In places the track has turned into a water ballet spectacle and we have to push our bikes through ‘peanutbutter’ mud, which sticks to our tires. Usually we start the day with a bit of sunshine and some nice looking clouds in the sky and during the early morning we see the clouds build up in the distance. Getting darker and darker… then the thunder starts and not long after the lightning strikes… It’s an amazing sight, but a bit scary too. Especially when we have nowhere to hide, but the plus side: we have water! Plenty of it!
After our well deserved 10-day vacation we tracked back to the GDMBR in Del Norte and soon we found ourselves alone again on gravel tracks. Well, us and a gazillion mosquitoes sucking our blood, like little thirsty vampires. The Deet is doing its job, but the smell of that! Definately overtakes the smell of pine forests and wild flowers… We are in Colorado and that means climbing from one pass to the other; crossing various Continental Divide crossings and usually above 3000 meters. There’s little traffic and we rollercoaster from one forest to another, passing lakes and left over piles of snow. The overwhelming grand landscape seems endless to us and is only interrupted by a few tiny villages with nothing more than a gas station, restaurant and grocery store.
25.000 kilometer!!
Raindrops are ticking on our tent, another storm is keeping us inside at another great wild camp spot. In the distance we hear the thunder and every now and then lightning lights up the tent. We are listening to Dutch comedian ‘Youp van ‘t Hek’ on Elmars iPod. It’s his New Year’s Eve show of 2011 and he is making fun of the crisis in Greece… It’s 2015 and nothing has changed… Except that today we crossed the 25.000 kilometer mark! And we still have a few kilometers to go!
When we wake up the next morning the sun is shining and we have an amazing view on the fifteen ’14-ers’ in the distance; 15 mountaintops over 14.000 ft. We pack our stuff and hit the road to enjoy these moments of sunshine, knowing another thunderstorm will probably hit us in a few ours… and so it did! Luckily, we find shelter next to an old school building in a tiny town called Como. One of the residents gives us a few liters of water and we have a chat before we need to hide out in our tent. He tells us that the last person graduated from this school in 1939 and now it serves as a communal building and the town lets cyclists camp next to it for free. Good for us, because we don’t fancy riding up to Boreas pass with this rain!

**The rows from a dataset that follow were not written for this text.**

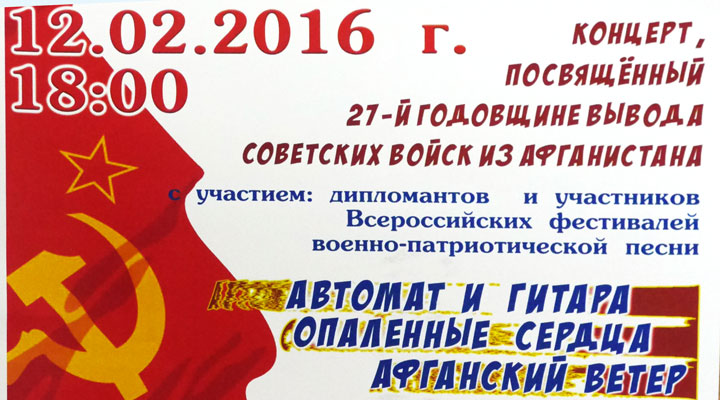 2016.02.25.chelyabinsk.festival.722
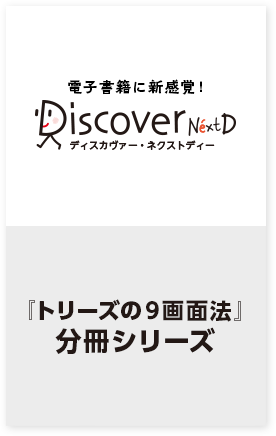 Discover Next D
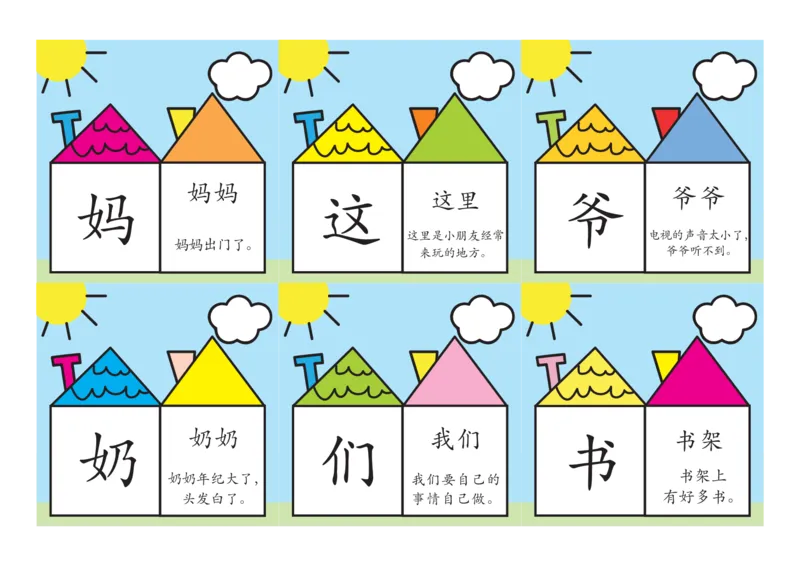 洪恩识字卡片(2)_小学全网线上同款资料_36号文件速算_速算_识字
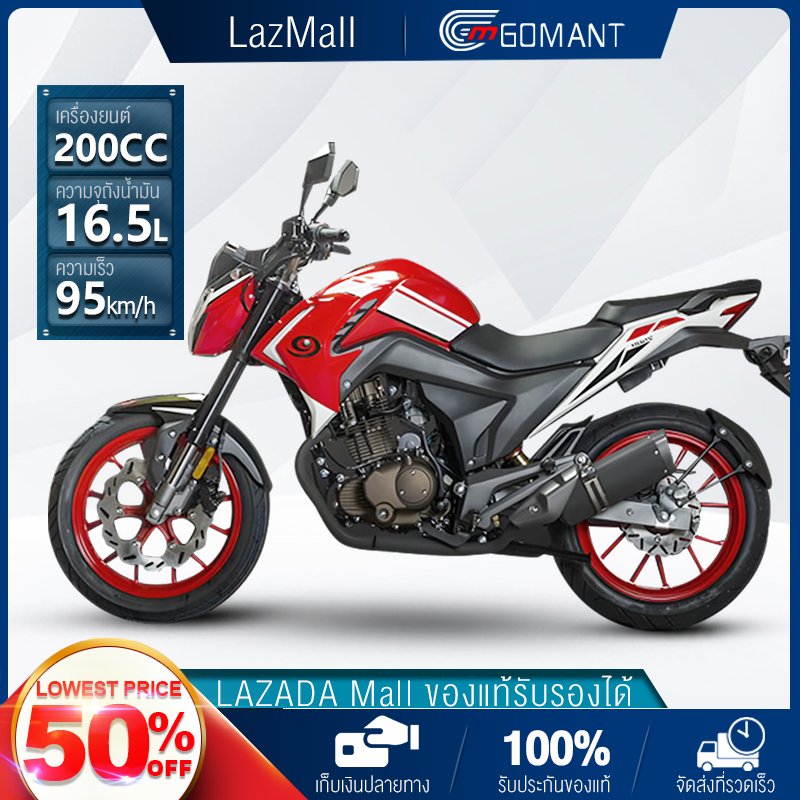 Gomant รถวิบาก มอเตอร์ไซค์จิ๋ว 200ccรถมอเตอไซวิบาก 200cc รถวิบากผู้ใหญ่ 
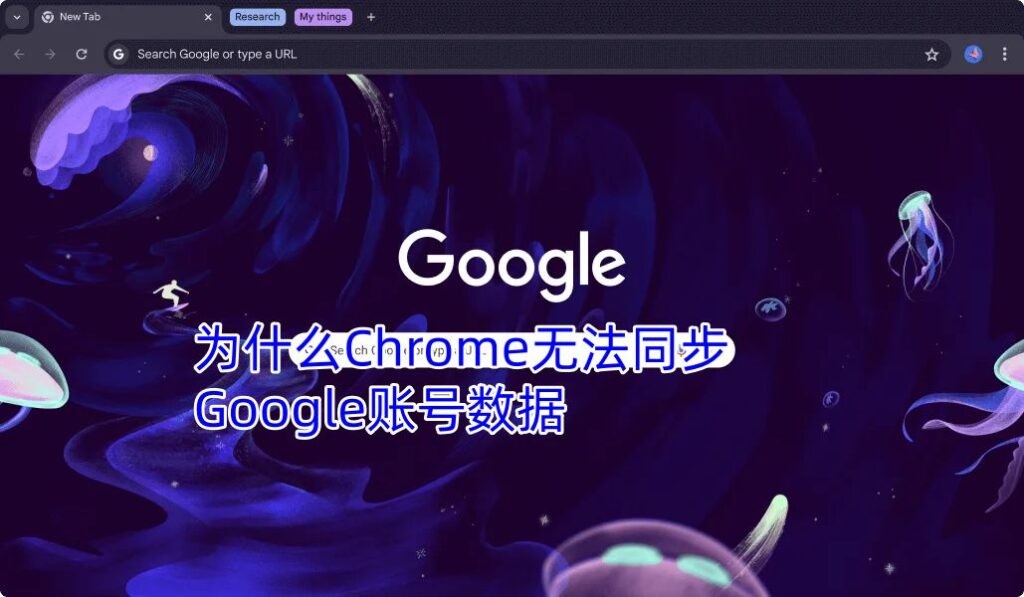 Chrome 账号无法同步？登录与缓存清理操作方法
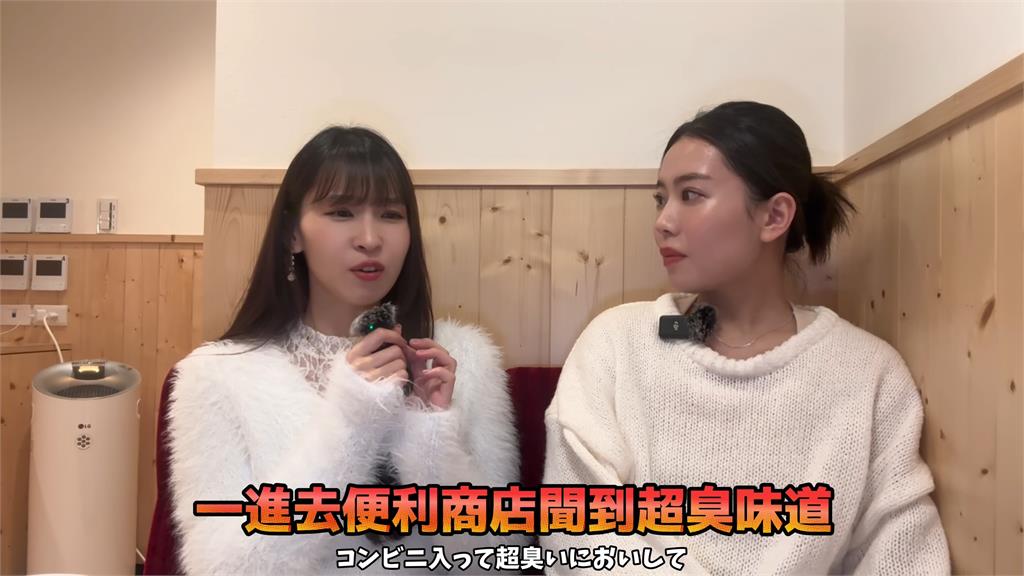 曾排斥鴨血、臭豆腐!日妻稱「吃兩口後」秒愛上 網笑:有台灣胃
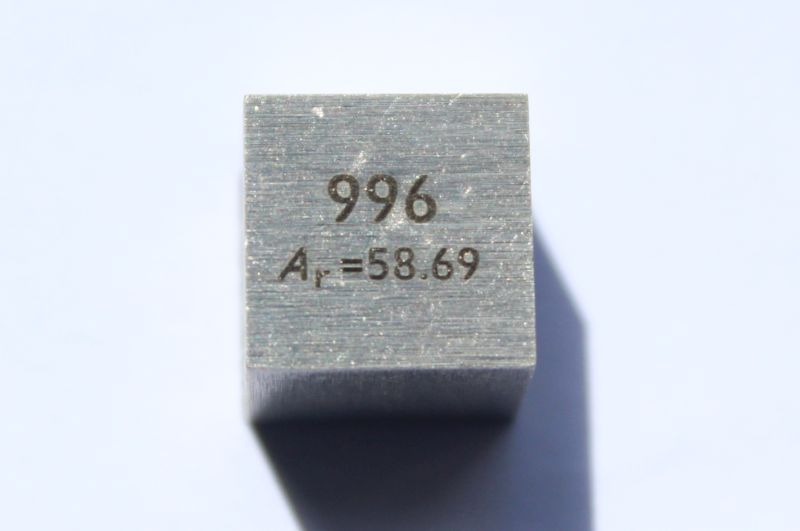 Nickel-Dichtewrfel Nickel Density Cube 1cm3 ca. 99,6%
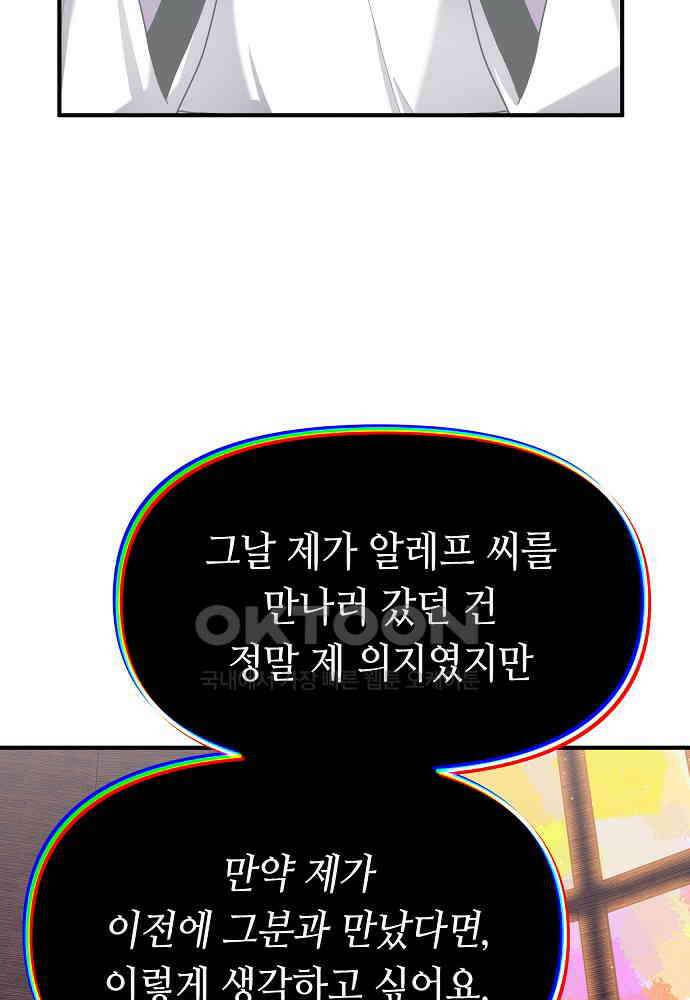 플랜터스의 정원 113화 22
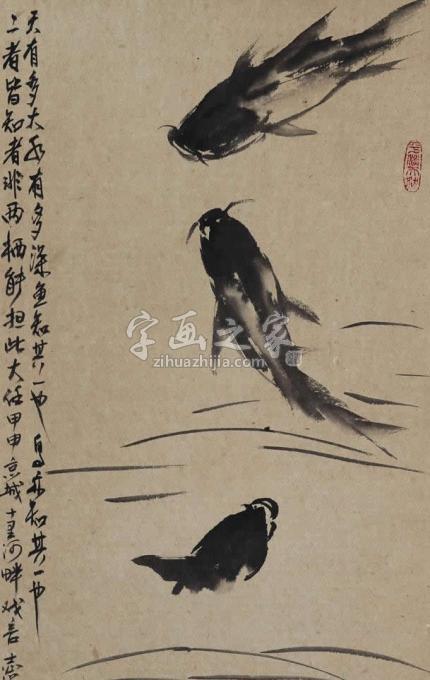 国画家王志学字画之家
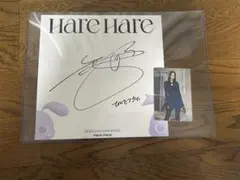 twice harehare サイン ツウィ - メルカリ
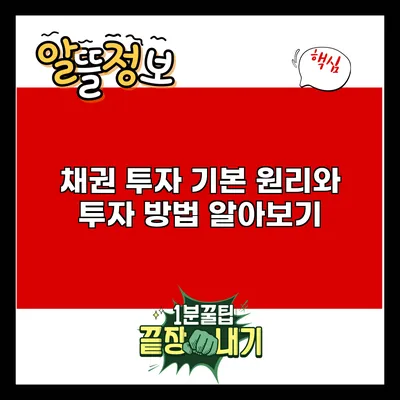 채권 투자: 기본 원리와 투자 방법 알아보기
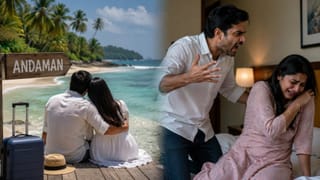 अंडमान गया था हनीमून मनाने, तभी दुल्हन को आ गया पीरियड; गुस्से में हैवानियत पर उतर आया पति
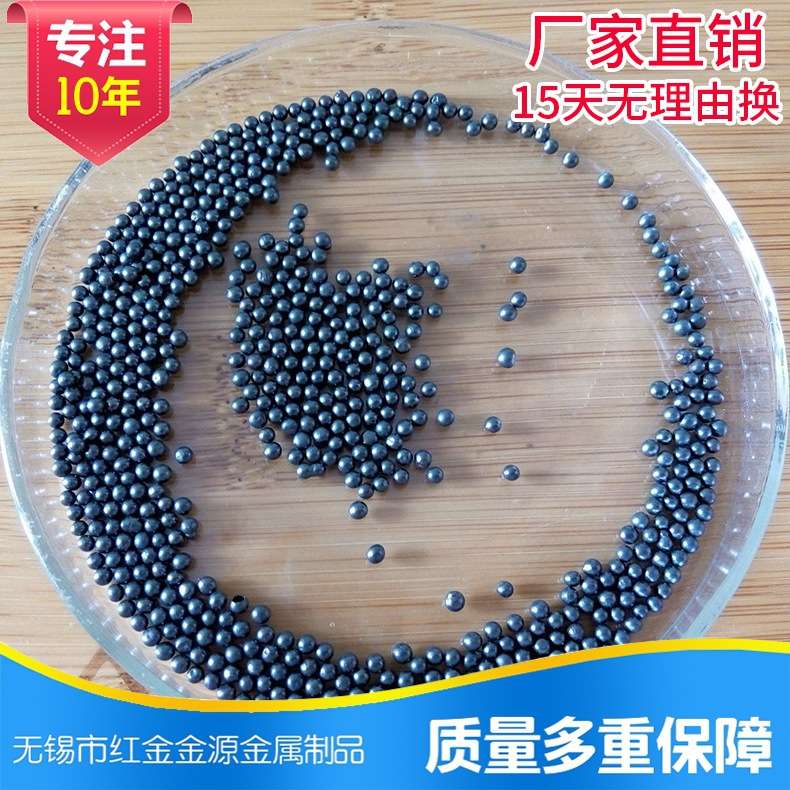 厂家供应高强度耐磨合金钢丸金属磨料S780钢丸碎韧性强 抗冲击
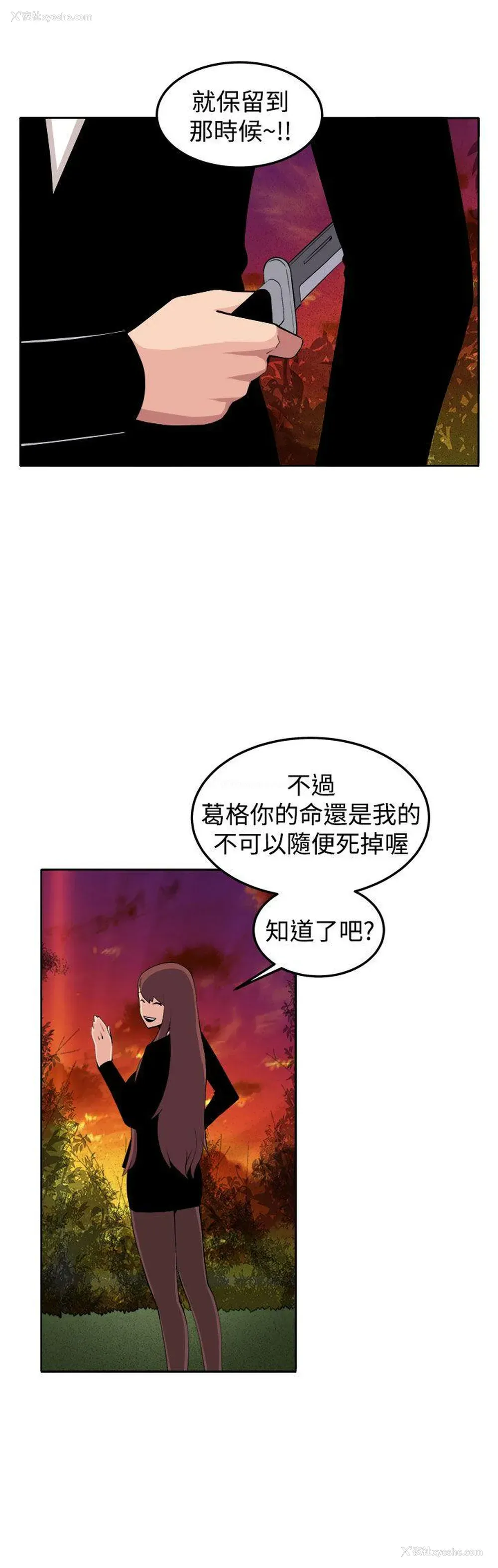 28P - 圈套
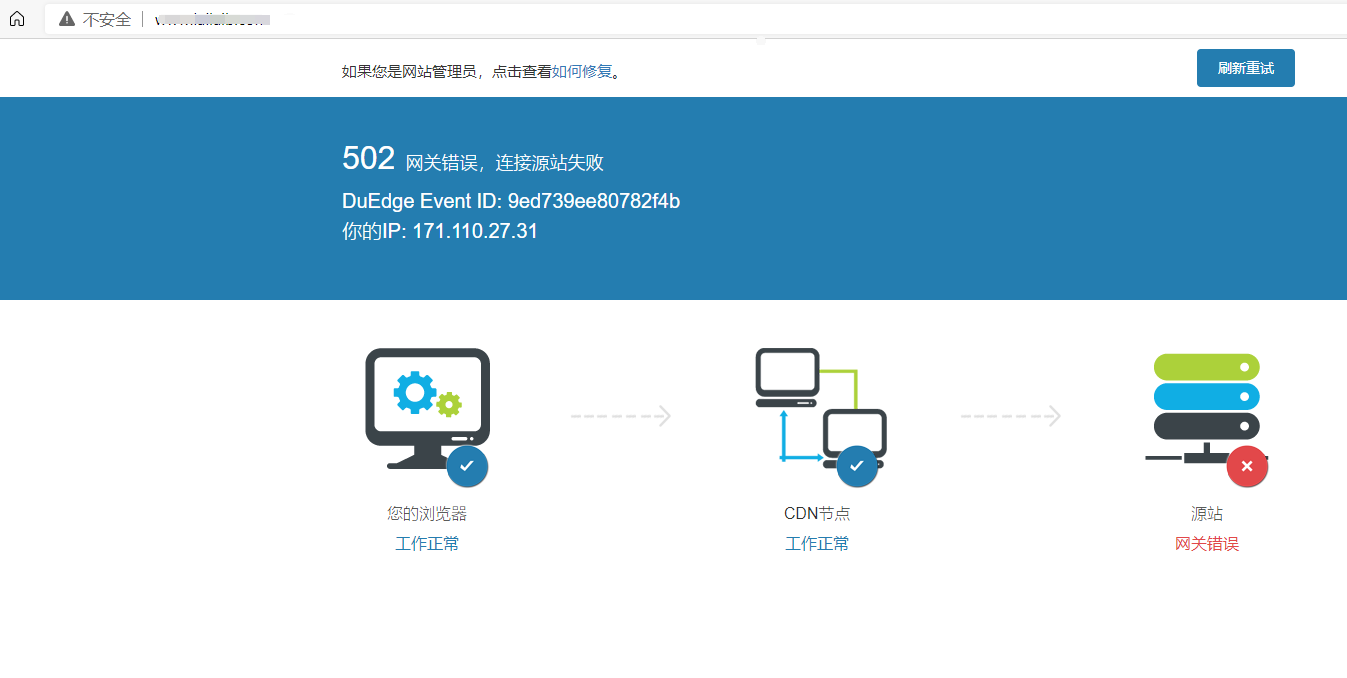 百度云加速502網(wǎng)關(guān)錯(cuò)誤，連接源站失敗原因查找
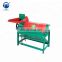Apricot Meat And Kernel Separator Apricot Shelling Machine
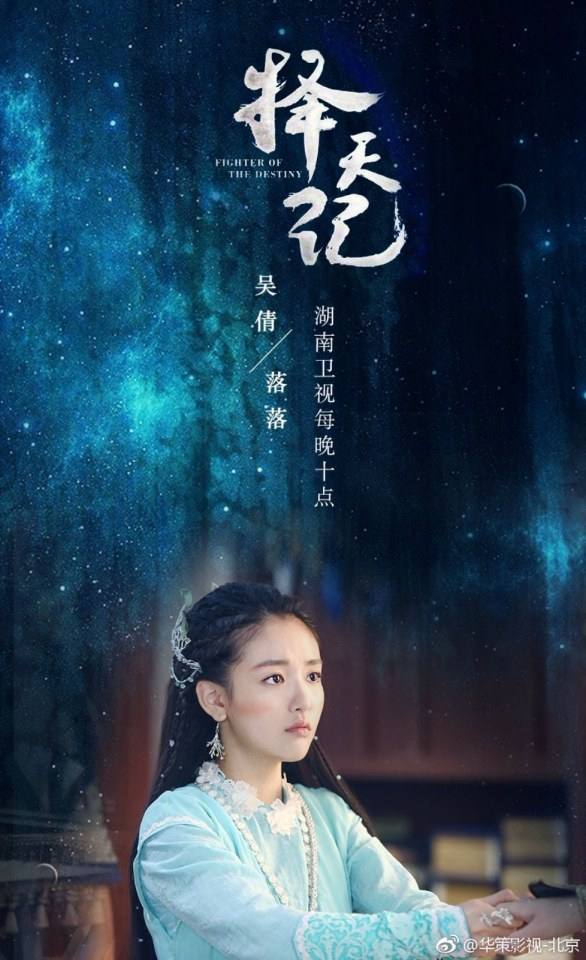Fighter Of The Destiny《择天记》 2016 part15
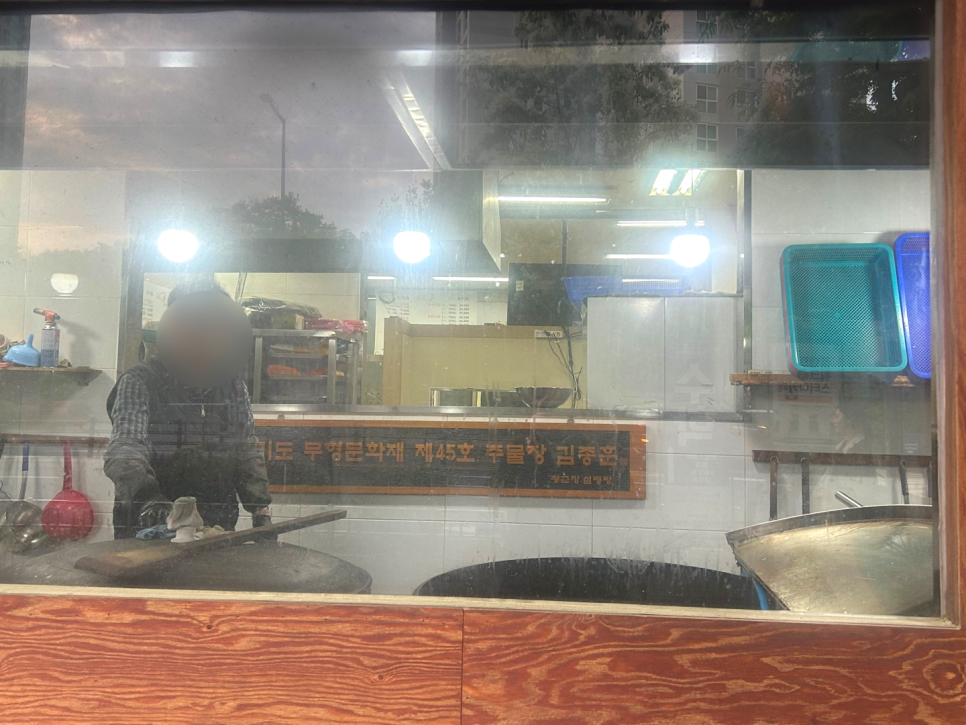 광교장설렁탕 사진 3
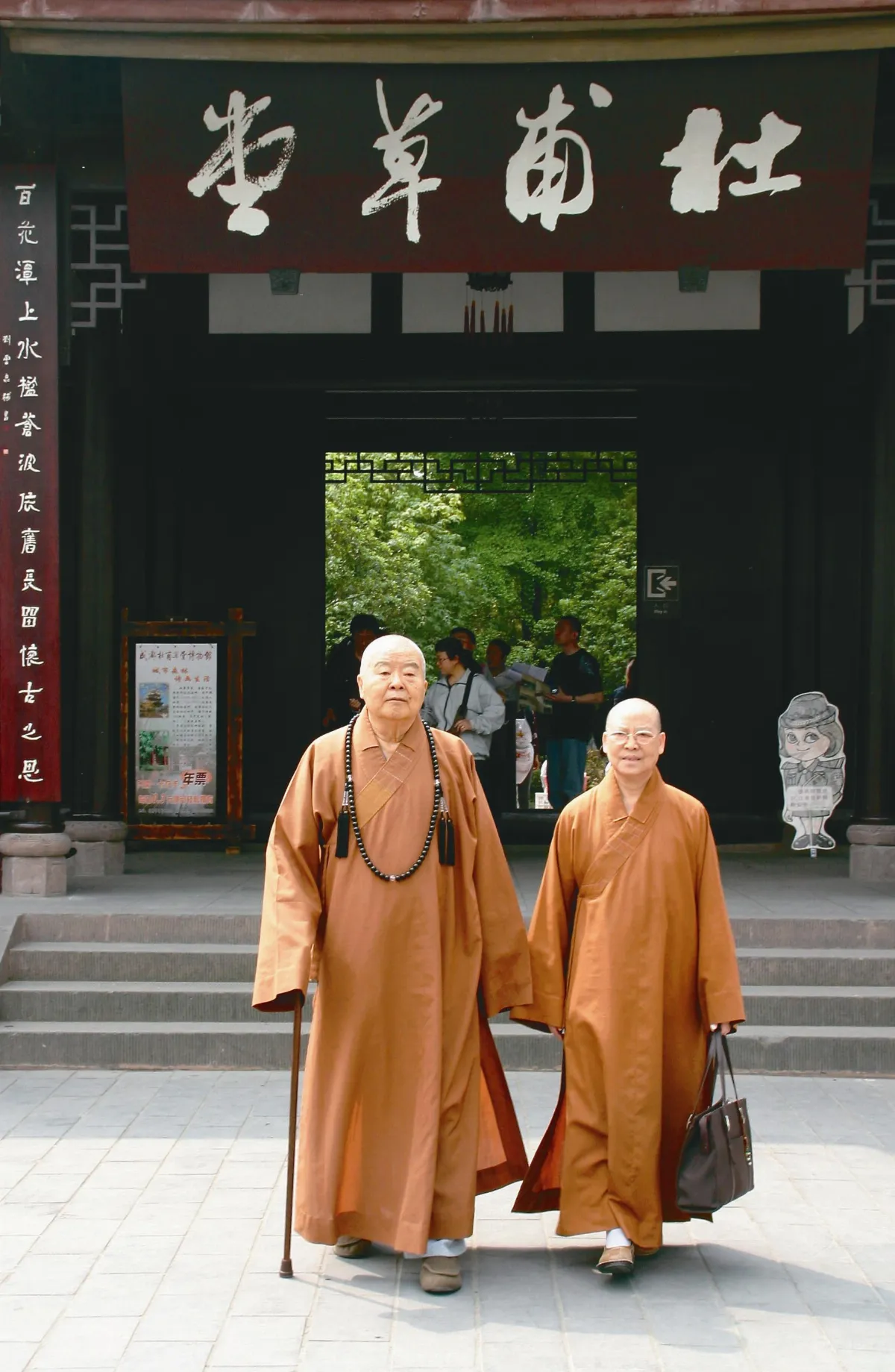 創新文化的妙意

As usual rain has stopped in the morning and we find ourselves riding up to the highest Continental Divide crossing at Boreas pass. The gradient is gradual, since we actually ride on a former steam train track and along the way we find evidence of this long past history in the form of water towers. By the time we reach the pass at a little over 3500 meters, clouds are covering the sky and it’s actually a chilly downhill into the touristy ski towns of Breckenridge, Frisco and Silverthorne.
Out of Silverthorne a couple more passes are waiting for us; first there is the paved climb to Ute Pass and after Radium we master Lynx Pass after which a rollercoaster ride and a short single track brings us to the ski town of Steamboat Springs. We soon leave Colorado behind us and the dry basin of Wyoming is waiting for us. Bye, bye high mountain passes, we really enjoyed being here.. with or without the rain!